ASSIGNMENT => Print the data below again in full, exactly as it stands, with no images.

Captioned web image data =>

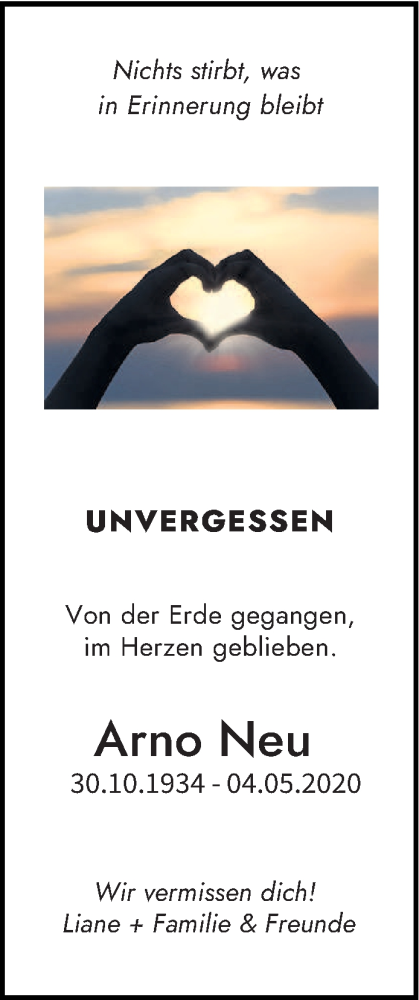  Traueranzeige für Arno Neu vom 08.05.2021 aus saarbruecker_zeitung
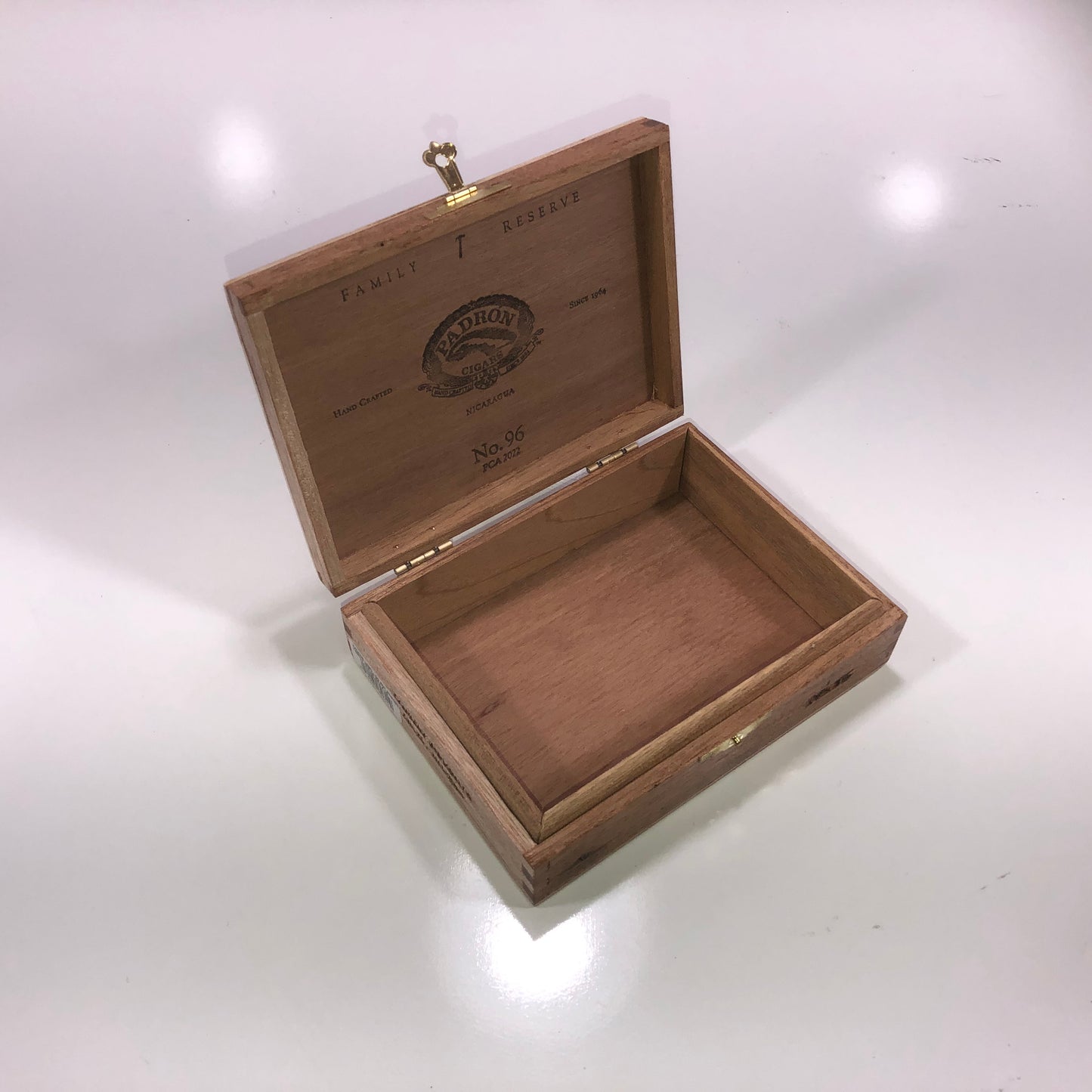 Padron No96 Empty Wooden Cigar Box 6.75x5x2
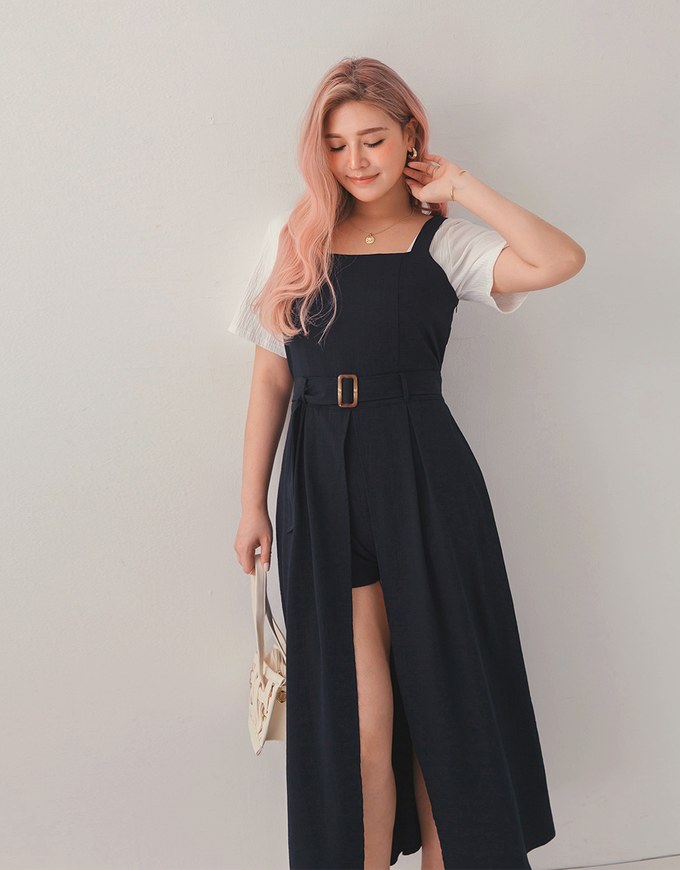Maxi Skirt Overlay Playsuit (With Belt)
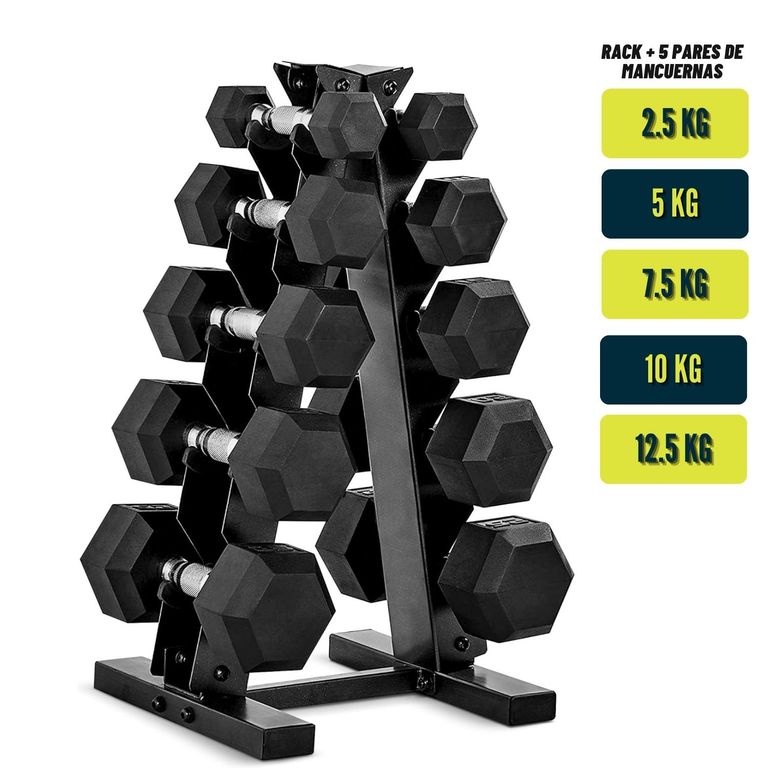 Set de Mancuernas Hexagonales + Soporte Rack de Pesas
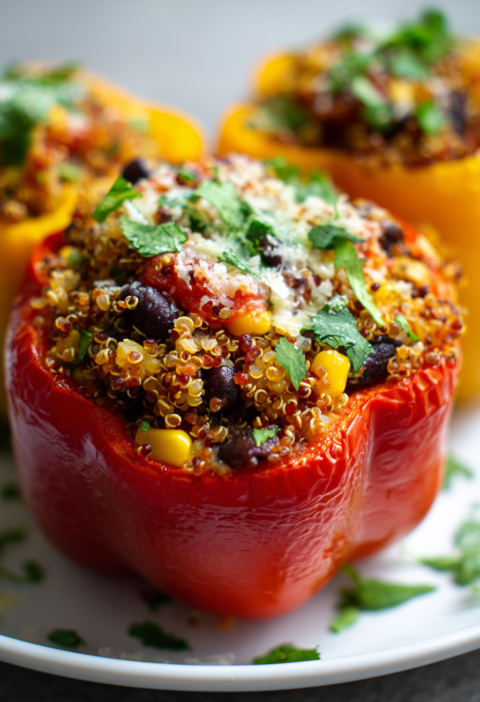 Vegetable quinoa stuffed peppers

RESPONSE AREA =>
  Traueranzeige für Arno Neu vom 08.05.2021 aus saarbruecker_zeitung
 Padron No96 Empty Wooden Cigar Box 6.75x5x2
Maxi Skirt Overlay Playsuit (With Belt)
 Set de Mancuernas Hexagonales + Soporte Rack de Pesas
 Vegetable quinoa stuffed peppers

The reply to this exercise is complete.